• [EXERCISE MATERIAL]:
=======

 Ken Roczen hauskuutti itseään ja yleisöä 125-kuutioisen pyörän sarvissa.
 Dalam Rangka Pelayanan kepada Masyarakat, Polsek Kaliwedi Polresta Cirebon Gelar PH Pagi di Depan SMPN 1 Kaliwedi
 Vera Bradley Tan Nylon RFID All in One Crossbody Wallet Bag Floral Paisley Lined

=======

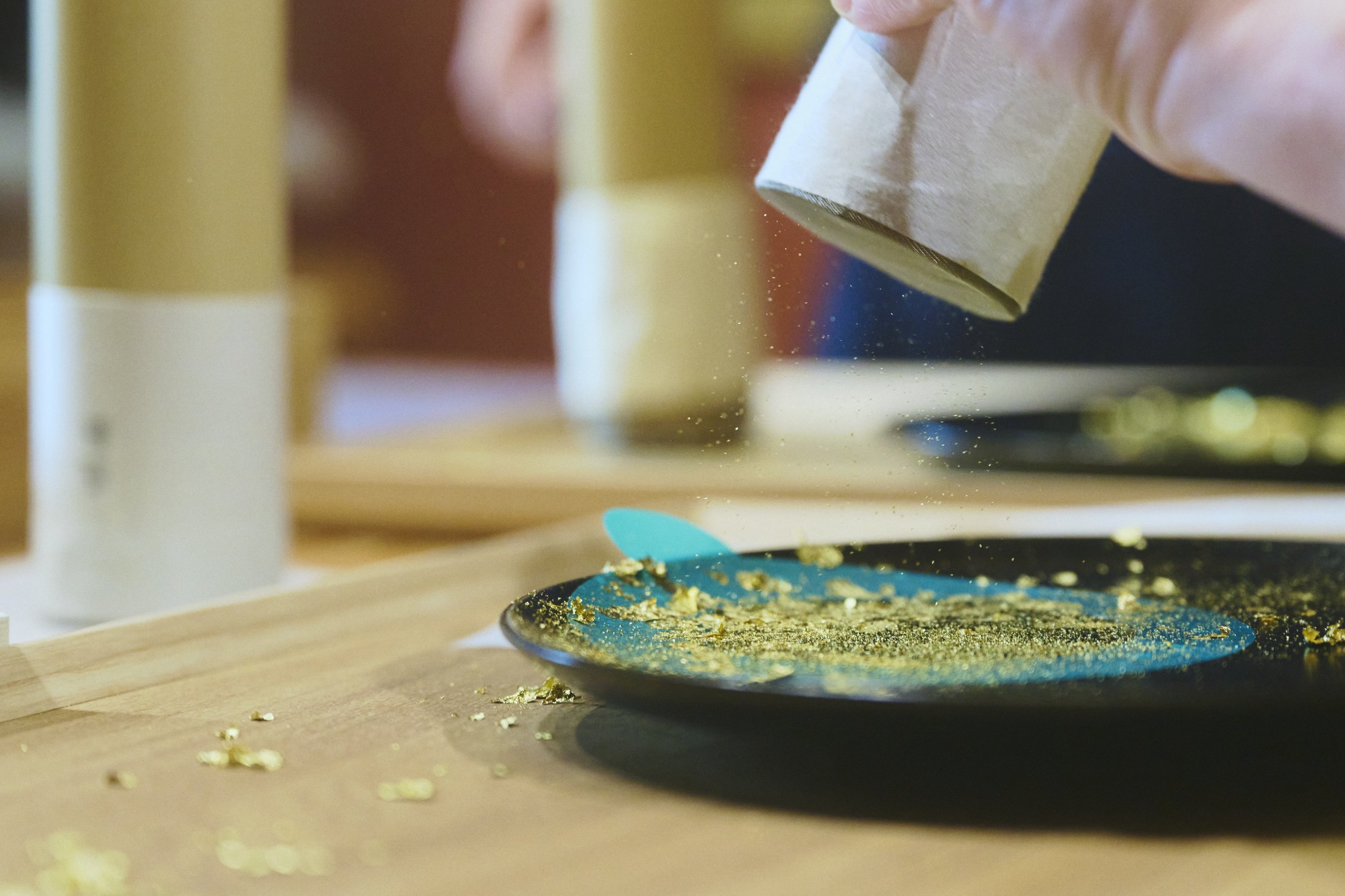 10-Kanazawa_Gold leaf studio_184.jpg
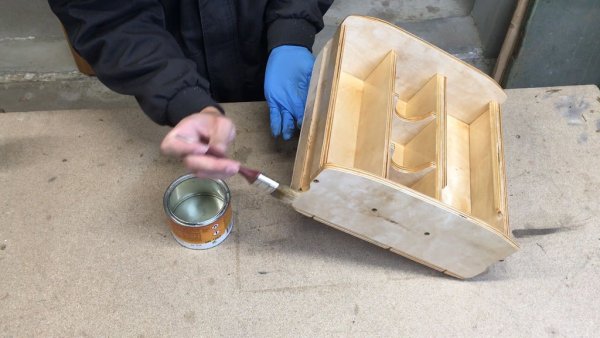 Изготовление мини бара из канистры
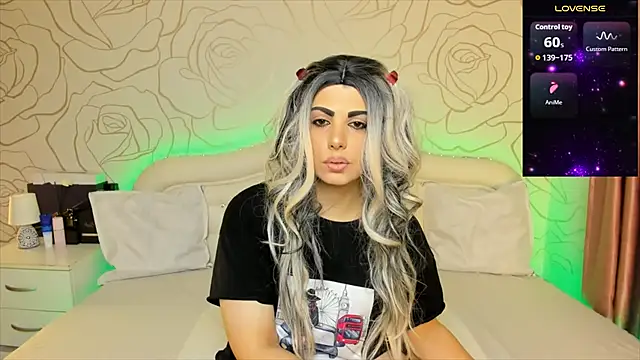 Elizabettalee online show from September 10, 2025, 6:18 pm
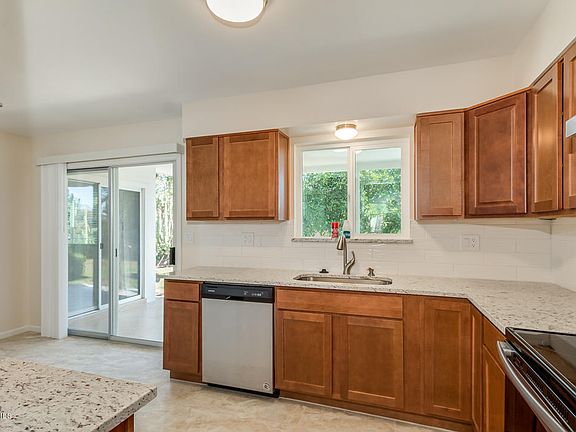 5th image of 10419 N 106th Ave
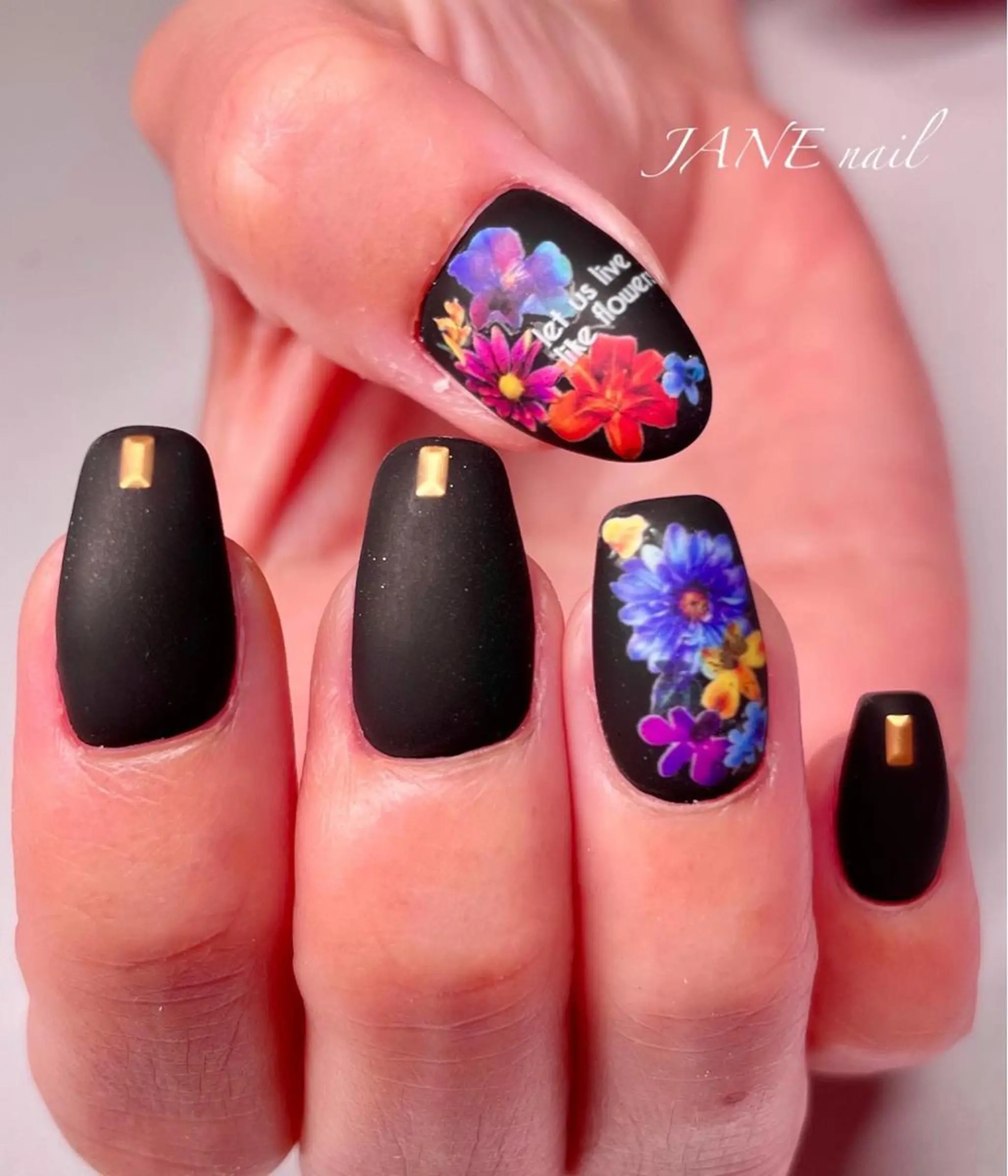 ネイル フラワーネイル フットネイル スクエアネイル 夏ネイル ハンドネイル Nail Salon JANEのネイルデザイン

=======

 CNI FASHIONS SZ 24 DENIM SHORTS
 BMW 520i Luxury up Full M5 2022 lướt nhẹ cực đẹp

=======

• [WHAT YOU SHOULD DO]: Look above for the line with "Elizabettalee online show" and the line with "ネイル フラワーネイル フットネイル", then copy them and all lines in between exactly as written, and only those, without any pictures.

• [RESPONSE TO THIS TASK]:
 Elizabettalee online show from September 10, 2025, 6:18 pm
 5th image of 10419 N 106th Ave
 ネイル フラワーネイル フットネイル スクエアネイル 夏ネイル ハンドネイル Nail Salon JANEのネイルデザイン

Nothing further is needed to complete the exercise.